Hi, I want to run mixed model for an association with some relatives. I calculated ibd between pairs in GCTA but when I compared the average IBD with some pairs for whom I already knew the pihat and I do not get similar results at all. For example 2nd degree relatives with a pihat calculated with plink have a pihat of 0.025, while with gcta I got and estimate of 8.66-04. In addition not all individuals that are in the grm.id file are present in the grm.grm file.
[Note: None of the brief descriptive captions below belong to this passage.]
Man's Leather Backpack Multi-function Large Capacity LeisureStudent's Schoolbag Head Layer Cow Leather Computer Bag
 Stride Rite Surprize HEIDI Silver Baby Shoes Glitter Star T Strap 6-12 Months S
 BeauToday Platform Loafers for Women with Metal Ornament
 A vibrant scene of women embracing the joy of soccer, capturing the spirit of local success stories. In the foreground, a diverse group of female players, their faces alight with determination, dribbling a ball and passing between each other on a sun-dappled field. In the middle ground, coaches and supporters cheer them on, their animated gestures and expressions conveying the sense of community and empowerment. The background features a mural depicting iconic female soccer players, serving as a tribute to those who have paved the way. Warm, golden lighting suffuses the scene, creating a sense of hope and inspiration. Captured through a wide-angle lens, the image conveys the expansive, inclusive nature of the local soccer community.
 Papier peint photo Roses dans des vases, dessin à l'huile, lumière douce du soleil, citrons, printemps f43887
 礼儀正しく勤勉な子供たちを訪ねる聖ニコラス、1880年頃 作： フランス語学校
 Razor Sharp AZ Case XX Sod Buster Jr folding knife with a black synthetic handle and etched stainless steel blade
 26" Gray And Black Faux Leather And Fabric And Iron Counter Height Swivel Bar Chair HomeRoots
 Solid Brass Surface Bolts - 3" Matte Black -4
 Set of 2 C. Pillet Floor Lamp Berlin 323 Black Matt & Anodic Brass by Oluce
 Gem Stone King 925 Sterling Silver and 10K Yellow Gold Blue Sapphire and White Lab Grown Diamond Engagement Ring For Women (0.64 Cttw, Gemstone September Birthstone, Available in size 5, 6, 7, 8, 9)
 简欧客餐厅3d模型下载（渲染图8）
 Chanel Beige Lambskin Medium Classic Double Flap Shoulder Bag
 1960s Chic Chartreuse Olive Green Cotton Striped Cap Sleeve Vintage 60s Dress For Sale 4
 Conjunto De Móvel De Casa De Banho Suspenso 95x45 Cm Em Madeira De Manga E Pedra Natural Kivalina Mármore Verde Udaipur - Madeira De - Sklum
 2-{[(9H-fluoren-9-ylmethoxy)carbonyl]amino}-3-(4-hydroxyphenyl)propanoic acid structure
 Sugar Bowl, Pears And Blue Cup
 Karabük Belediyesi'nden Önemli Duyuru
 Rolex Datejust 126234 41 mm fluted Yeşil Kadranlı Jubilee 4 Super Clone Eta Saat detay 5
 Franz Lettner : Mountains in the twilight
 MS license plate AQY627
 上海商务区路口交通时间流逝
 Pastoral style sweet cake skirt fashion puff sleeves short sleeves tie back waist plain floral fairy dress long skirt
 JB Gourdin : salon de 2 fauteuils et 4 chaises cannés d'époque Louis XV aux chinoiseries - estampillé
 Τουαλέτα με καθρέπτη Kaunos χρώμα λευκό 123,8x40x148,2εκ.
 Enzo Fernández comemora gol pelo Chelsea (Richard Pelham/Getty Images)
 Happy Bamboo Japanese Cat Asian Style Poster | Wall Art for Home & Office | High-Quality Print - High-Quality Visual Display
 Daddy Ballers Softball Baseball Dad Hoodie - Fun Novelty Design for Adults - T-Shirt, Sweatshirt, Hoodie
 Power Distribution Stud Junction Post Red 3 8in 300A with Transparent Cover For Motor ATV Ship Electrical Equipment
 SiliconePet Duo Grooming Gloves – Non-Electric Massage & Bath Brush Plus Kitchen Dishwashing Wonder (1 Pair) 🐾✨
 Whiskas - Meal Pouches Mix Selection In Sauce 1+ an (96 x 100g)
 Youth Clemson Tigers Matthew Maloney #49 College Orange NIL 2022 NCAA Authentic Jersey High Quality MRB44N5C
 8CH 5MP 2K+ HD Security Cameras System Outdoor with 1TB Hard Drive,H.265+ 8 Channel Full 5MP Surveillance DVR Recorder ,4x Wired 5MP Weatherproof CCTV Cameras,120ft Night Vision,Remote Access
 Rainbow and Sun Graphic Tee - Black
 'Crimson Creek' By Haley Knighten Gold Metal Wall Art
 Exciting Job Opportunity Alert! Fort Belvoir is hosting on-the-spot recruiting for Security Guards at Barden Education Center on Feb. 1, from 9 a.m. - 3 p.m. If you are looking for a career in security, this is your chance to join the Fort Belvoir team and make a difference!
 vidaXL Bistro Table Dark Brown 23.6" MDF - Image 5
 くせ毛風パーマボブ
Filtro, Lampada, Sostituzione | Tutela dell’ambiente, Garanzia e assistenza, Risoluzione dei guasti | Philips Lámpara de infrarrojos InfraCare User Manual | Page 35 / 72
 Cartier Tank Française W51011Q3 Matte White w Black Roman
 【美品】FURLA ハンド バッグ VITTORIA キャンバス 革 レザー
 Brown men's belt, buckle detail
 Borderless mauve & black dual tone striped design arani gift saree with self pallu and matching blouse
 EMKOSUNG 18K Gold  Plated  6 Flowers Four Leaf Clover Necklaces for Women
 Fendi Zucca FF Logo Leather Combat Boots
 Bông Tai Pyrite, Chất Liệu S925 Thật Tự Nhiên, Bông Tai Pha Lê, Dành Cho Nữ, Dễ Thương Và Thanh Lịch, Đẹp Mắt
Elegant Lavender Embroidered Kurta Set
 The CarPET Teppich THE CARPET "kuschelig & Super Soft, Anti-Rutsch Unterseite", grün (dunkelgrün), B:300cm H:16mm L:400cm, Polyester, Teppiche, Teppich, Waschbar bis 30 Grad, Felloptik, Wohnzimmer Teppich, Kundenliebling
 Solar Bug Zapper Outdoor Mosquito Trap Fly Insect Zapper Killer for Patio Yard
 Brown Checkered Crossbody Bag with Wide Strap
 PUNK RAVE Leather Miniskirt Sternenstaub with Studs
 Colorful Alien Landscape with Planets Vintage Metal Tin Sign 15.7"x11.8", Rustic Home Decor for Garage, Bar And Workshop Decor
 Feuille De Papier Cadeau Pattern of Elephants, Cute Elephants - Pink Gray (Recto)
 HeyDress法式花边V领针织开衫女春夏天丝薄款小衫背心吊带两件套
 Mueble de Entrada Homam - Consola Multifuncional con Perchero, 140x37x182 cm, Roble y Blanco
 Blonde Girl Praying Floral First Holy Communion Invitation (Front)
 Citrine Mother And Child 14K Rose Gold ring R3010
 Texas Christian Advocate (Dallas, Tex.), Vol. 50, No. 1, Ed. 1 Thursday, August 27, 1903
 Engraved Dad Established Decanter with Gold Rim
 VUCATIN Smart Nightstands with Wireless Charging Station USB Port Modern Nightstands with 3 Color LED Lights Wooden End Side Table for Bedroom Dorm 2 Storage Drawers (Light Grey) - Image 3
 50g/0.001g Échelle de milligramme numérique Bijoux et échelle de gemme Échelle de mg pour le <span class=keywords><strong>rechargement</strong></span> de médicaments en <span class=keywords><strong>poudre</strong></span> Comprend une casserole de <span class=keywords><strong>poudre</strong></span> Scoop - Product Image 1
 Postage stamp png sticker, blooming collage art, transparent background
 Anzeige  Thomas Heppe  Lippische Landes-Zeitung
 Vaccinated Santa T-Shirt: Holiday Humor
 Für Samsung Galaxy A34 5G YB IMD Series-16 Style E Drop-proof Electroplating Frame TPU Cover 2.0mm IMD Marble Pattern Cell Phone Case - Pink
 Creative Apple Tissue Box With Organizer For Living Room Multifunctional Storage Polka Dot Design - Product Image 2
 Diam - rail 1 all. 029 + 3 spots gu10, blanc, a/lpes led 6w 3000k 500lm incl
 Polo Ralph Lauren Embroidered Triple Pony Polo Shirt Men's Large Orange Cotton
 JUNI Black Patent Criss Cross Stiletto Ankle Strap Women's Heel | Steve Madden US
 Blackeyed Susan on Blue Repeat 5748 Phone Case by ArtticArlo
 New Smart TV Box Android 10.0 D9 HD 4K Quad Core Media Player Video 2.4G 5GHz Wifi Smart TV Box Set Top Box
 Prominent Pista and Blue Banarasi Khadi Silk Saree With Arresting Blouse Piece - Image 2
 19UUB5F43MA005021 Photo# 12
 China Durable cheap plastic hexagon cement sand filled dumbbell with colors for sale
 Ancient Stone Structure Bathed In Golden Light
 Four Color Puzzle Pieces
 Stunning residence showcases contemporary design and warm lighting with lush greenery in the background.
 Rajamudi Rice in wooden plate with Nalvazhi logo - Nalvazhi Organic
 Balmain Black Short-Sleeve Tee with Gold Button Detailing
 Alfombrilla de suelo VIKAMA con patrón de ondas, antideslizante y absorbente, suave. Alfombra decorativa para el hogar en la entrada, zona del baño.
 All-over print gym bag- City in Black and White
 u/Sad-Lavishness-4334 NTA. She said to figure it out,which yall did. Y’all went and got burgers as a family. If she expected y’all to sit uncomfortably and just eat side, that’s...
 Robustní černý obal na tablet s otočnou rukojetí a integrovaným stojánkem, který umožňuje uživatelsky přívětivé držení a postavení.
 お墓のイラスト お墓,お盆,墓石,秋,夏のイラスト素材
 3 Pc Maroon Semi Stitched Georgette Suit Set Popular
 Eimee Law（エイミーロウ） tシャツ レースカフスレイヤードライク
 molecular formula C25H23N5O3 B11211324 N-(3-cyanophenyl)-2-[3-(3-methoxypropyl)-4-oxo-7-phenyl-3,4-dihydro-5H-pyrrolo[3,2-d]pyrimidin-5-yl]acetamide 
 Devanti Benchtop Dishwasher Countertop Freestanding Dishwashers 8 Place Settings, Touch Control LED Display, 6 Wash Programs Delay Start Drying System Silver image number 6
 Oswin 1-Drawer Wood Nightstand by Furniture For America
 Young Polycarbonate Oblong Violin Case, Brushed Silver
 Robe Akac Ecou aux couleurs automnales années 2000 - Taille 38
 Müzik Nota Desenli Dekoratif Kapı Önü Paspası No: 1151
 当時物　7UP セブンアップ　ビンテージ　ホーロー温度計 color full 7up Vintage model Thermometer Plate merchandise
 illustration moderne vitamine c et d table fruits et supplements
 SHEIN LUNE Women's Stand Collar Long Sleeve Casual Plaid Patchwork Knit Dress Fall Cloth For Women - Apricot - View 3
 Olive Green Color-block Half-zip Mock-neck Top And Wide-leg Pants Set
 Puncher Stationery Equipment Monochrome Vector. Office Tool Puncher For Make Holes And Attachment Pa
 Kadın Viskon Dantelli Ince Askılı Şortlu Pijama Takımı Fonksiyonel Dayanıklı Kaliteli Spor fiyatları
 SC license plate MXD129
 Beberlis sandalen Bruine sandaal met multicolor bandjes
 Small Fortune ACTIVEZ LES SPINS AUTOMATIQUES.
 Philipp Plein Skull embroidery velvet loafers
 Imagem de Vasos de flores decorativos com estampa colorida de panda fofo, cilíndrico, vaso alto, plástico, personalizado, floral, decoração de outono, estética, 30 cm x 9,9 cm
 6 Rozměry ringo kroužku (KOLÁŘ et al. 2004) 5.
Last but not least I am getting ibd estimates>1 for individuals with themselves. How can that be? I thought that the estimate form the grm.grm file was also pihat.
This are the commands I used to calculate the GRM:
Reading IDs of the GRM from [RS123chr8.grm.id]. 11496 IDs read from [RS123chr8.grm.id]. Reading the GRM from [RS123chr8.grm.bin]. Reading the number of SNPs for the GRM from [RS123chr8.grm.N.bin]. Pairwise genetic relationships between 11496 individuals are included from [RS123chr8.grm.bin]. Saving the genetic relationship matrix to the file [chr8grm.grm.gz] (in compressed text format). The genetic relationship matrix has been saved in the file [chr8grm.grm.gz] (in compressed text format). IDs for the GRM file [chr8grm.grm.gz] have been saved in the file [chr8grm.grm.id].
1. I think the IBD from plink is different from the grm from gcta, which looks like correlations between each pair of individuals. 2. The grm file stores the grm matrix, of which length is n*(n+1)/2, n - number of individuals, equal to number of lines in id file. For the detailed information, www.complextraitgenomics.com/software/gcta/estimate_grm.html Do you mean length of matrix in grm file is not n*(n+1)/2 ?
GRM from GCTA is different from IBD/IBS from PLINK. GRM can be referred as some sort of IBD from an ancestral population but rescaled using the current population as the base population, whereas the traditional definition of IBD usually use the founders of the pedigree as the base population. Please see this paper for more clarification. www.nature.com/nrg/journal/v11/n11/abs/nrg2865.html
Since GRM is re-scaled referring the current population as the based population, the average relatedness is 0 that’s why you observe negative values.
The diagonal elements of the GRM is 1 + F where F is an estimator of inbreeding coefficient. If an individuals is highly inbred, e.g. parents are relatives, you’d expect to see a large inbreeding coefficient so that 1 + F is larger than 1. However, if there is a population stratification, the ethnic outliers will also appear to be highly inbred.
Thank you for the replies. 1)Still if I use gcta to remove close relatives (>0.025) the program should exclude sibpairs and father/offspring and avunculars right? This is not the case. GCTA does not exclude the pairs that are first degree relatives (I only know that a few of them that are first degree relatives but I need to analyse a bigger dataset and that's why I am using gcta to do this). 2)The total number of pairs is indeed n*(n+1)/2, n. But I do not understand why some individuals that are printed in the id file are not present in any pair in the grm matrix.